The marriage-day was shining brightly, and they were ready outside the closed door of the Doctor’s room, where he was speaking with Charles Darnay. They were ready to go to church; the beautiful bride, Mr. Lorry, and Miss Pross—to whom the event, through a gradual process of reconcilement to the inevitable, would have been one of absolute bliss, but for the yet lingering consideration that her brother Solomon should have been the bridegroom.
“And so,” said Mr. Lorry, who could not sufficiently admire the bride, and who had been moving round her to take in every point of her quiet, pretty dress; “and so it was for this, my sweet Lucie, that I brought you across the Channel, such a baby’ Lord bless me’ How little I thought what I was doing! How lightly I valued the obligation I was conferring on my friend Mr. Charles!”
“You didn’t mean it,” remarked the matter-of-fact Miss Pross, “and therefore how could you know it? Nonsense!”
“Really? Well; but don’t cry,” said the gentle Mr. Lorry.
“I am not crying,” said Miss Pross; “YOU are.”
“I, my Pross?” (By this time, Mr. Lorry dared to be pleasant with her, on occasion.)

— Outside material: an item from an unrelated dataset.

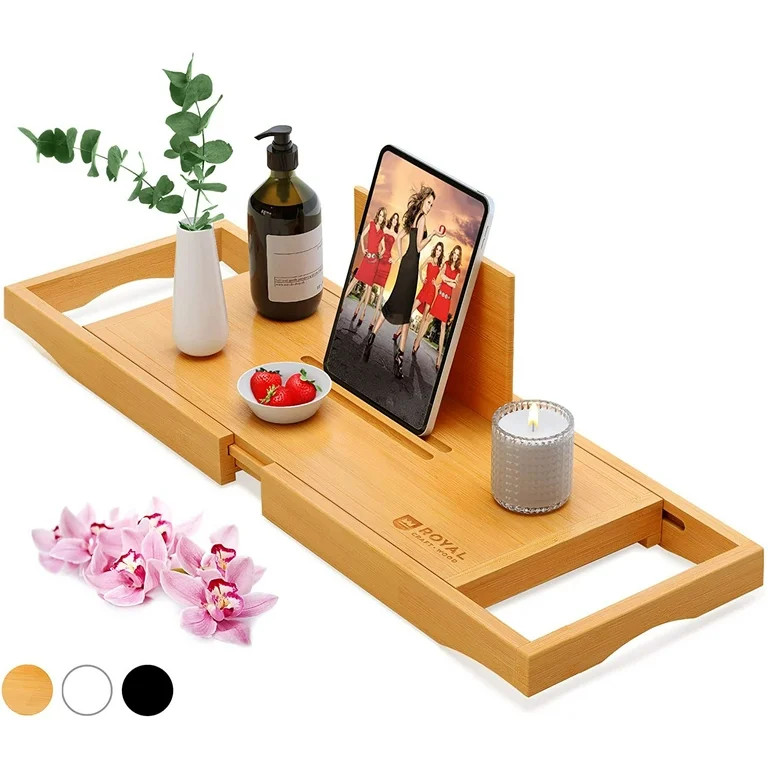 ROYAL CRAFT WOOD Luxury Bathtub Tray Caddy - Bamboo Adjustable Bath Tub Table Caddy for Bathroom,... | Walmart (US)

“You were, just now; I saw you do it, and I don’t wonder at it. Such a present of plate as you have made ‘em, is enough to bring tears into anybody’s eyes. There’s not a fork or a spoon in the collection,” said Miss Pross, “that I didn’t cry over, last night after the box came, till I couldn’t see it.”
“I am highly gratified,” said Mr. Lorry, “though, upon my honour, I had no intention of rendering those trifling articles of remembrance invisible to any one. Dear me! This is an occasion that makes a man speculate on all he has lost. Dear, dear, dear! To think that there might have been a Mrs. Lorry, any time these fifty years almost!”
“Not at all!” From Miss Pross.
“You think there never might have been a Mrs. Lorry?” asked the gentleman of that name.
“Pooh!” rejoined Miss Pross; “you were a bachelor in your cradle.”
“Well!” observed Mr. Lorry, beamingly adjusting his little wig, “that seems probable, too.”
“And you were cut out for a bachelor,” pursued Miss Pross, “before you were put in your cradle.”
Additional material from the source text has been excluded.